● Activity
Lines from the one with "Dois Copos Champanhe" up to and including the one with "Audi A4 3.0TDI*" are to be copied exactly from the records below, without their pictures.

● Data for processing

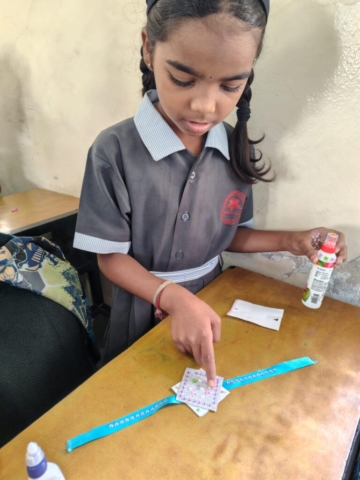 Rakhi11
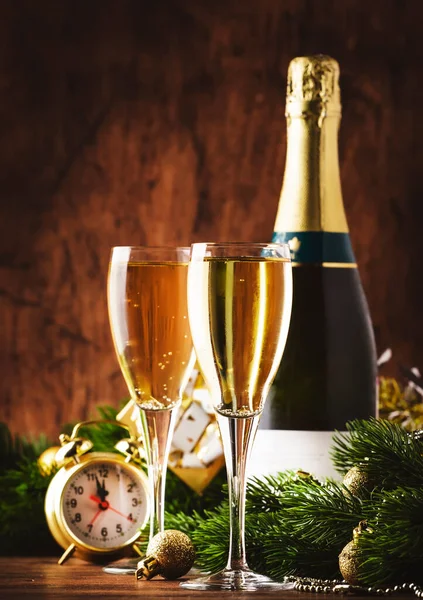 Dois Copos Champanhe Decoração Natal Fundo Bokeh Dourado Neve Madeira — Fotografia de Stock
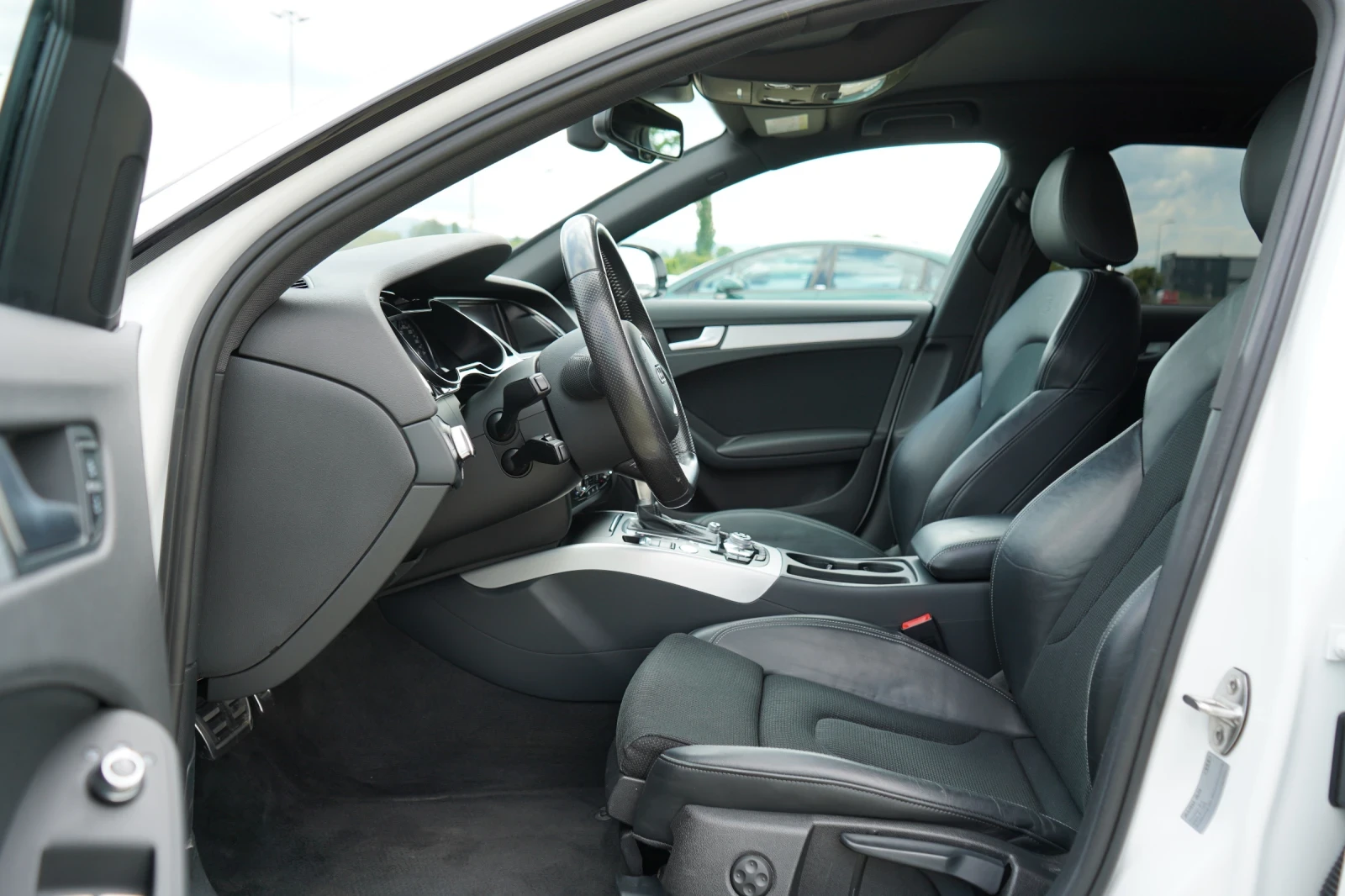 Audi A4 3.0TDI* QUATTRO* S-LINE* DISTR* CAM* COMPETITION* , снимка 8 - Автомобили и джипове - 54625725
==
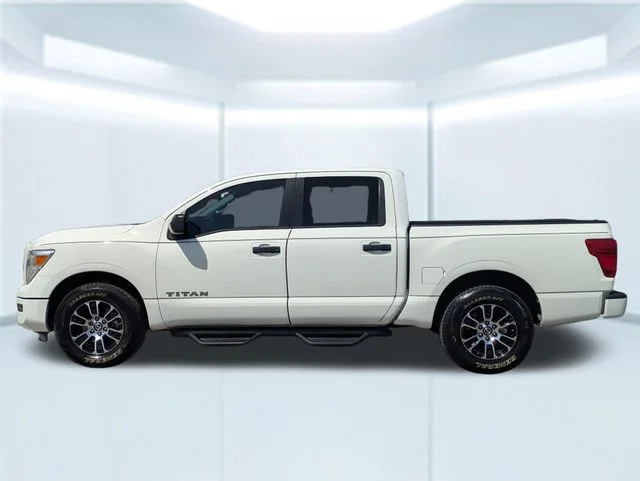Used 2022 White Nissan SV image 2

● Exercise response
 Dois Copos Champanhe Decoração Natal Fundo Bokeh Dourado Neve Madeira — Fotografia de Stock
 Audi A4 3.0TDI* QUATTRO* S-LINE* DISTR* CAM* COMPETITION* , снимка 8 - Автомобили и джипове - 54625725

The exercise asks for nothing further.